** What you will do **
Copy the data below exactly. Any pictures in it should be omitted.

** Source data **
>>>>>

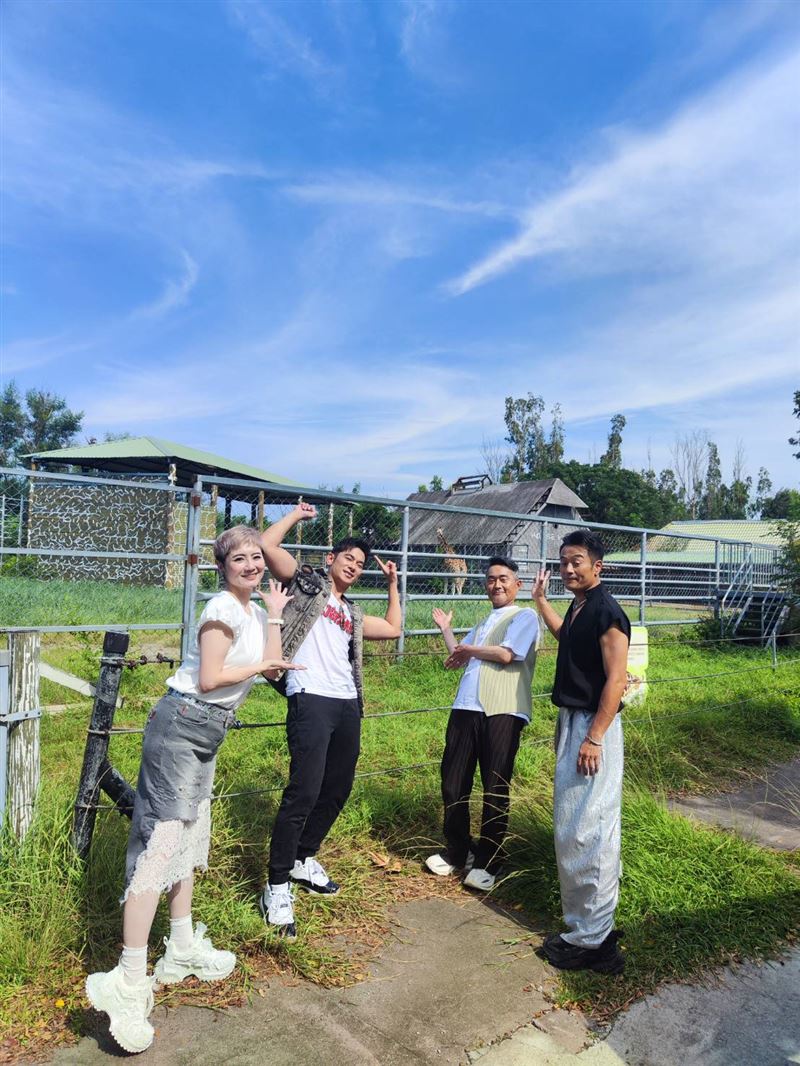 藝人們來到動物園走走,也勾起不少陪伴家人出遊的回憶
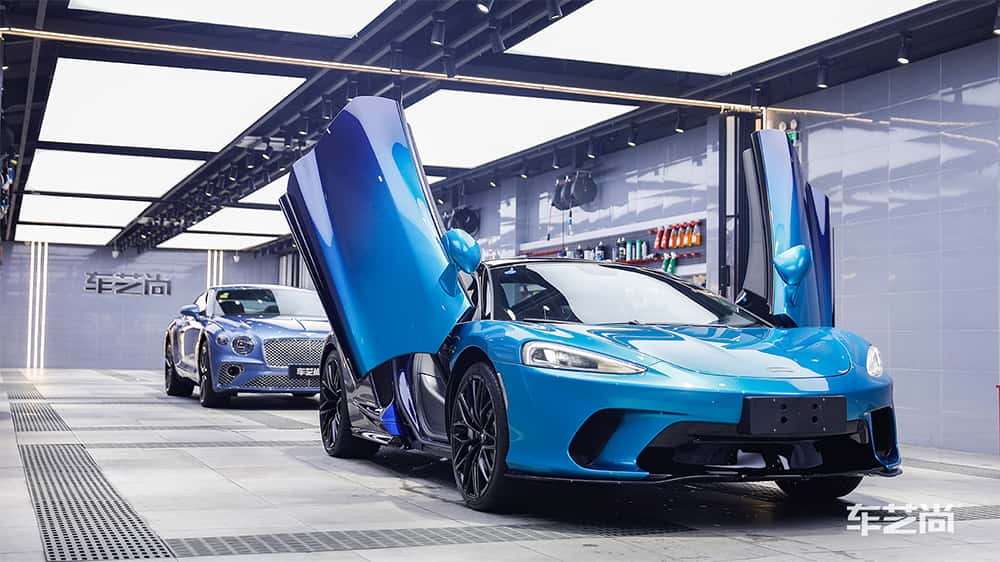 迈凯伦 GT 蓝色施工威固漆面保护膜流程及效果展示（图四二）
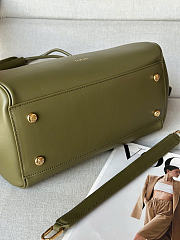 Loewe Madrid green bag size 28.5x11x23cm - 4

<<<<<

** Final answer **
 藝人們來到動物園走走,也勾起不少陪伴家人出遊的回憶
 迈凯伦 GT 蓝色施工威固漆面保护膜流程及效果展示（图四二）
 Loewe Madrid green bag size 28.5x11x23cm - 4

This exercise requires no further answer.